*** Begin section ***

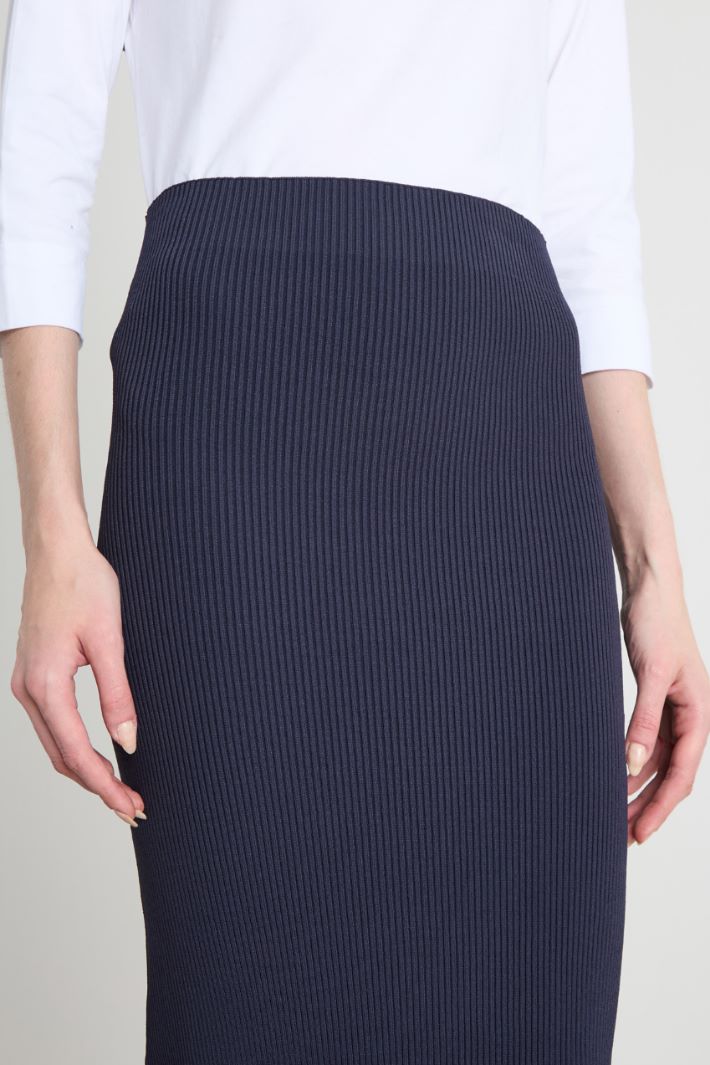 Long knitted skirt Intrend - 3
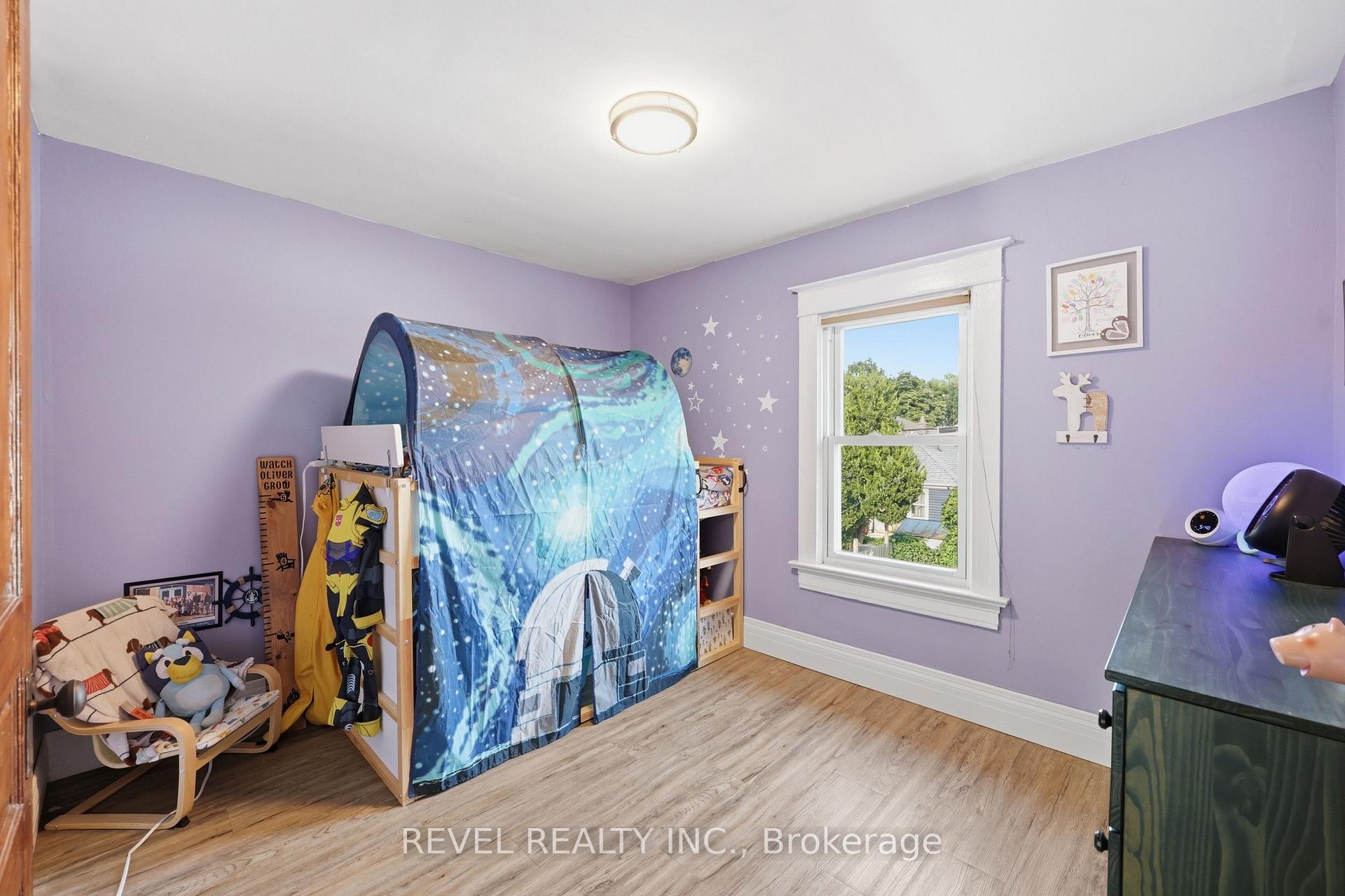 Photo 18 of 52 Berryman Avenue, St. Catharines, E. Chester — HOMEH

*** End section ***
*** Begin section ***

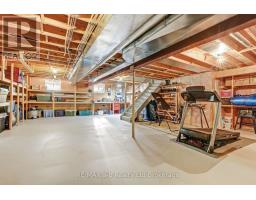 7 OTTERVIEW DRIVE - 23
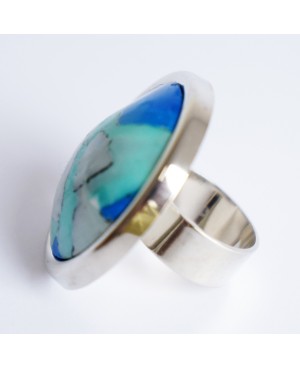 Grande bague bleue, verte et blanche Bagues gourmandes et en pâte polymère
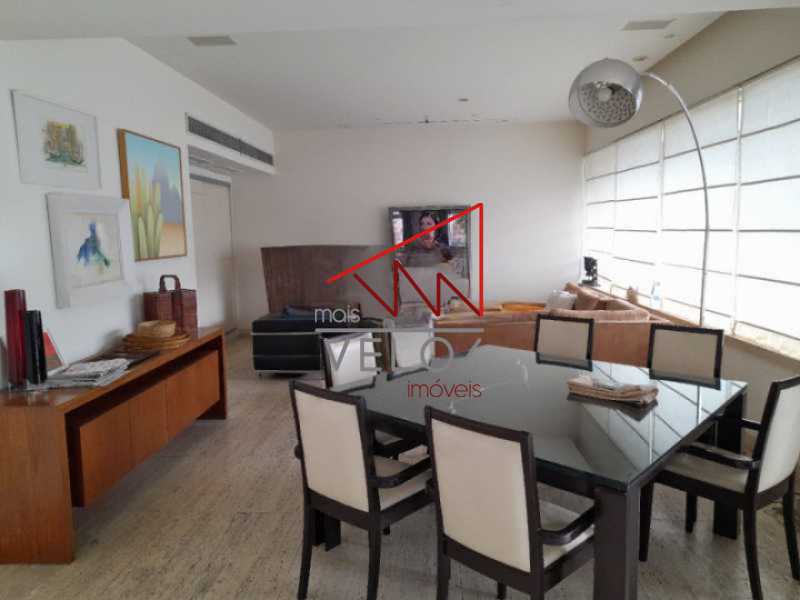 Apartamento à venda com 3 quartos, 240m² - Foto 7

*** End section ***

What you will do:
Beginning with the line that contains "7 OTTERVIEW DRIVE - 23", write out the lines of the material above exactly, and end with the line that contains "Apartamento à venda". Omit the pictures.

Answer for this exercise:
 7 OTTERVIEW DRIVE - 23
 Grande bague bleue, verte et blanche Bagues gourmandes et en pâte polymère
 Apartamento à venda com 3 quartos, 240m² - Foto 7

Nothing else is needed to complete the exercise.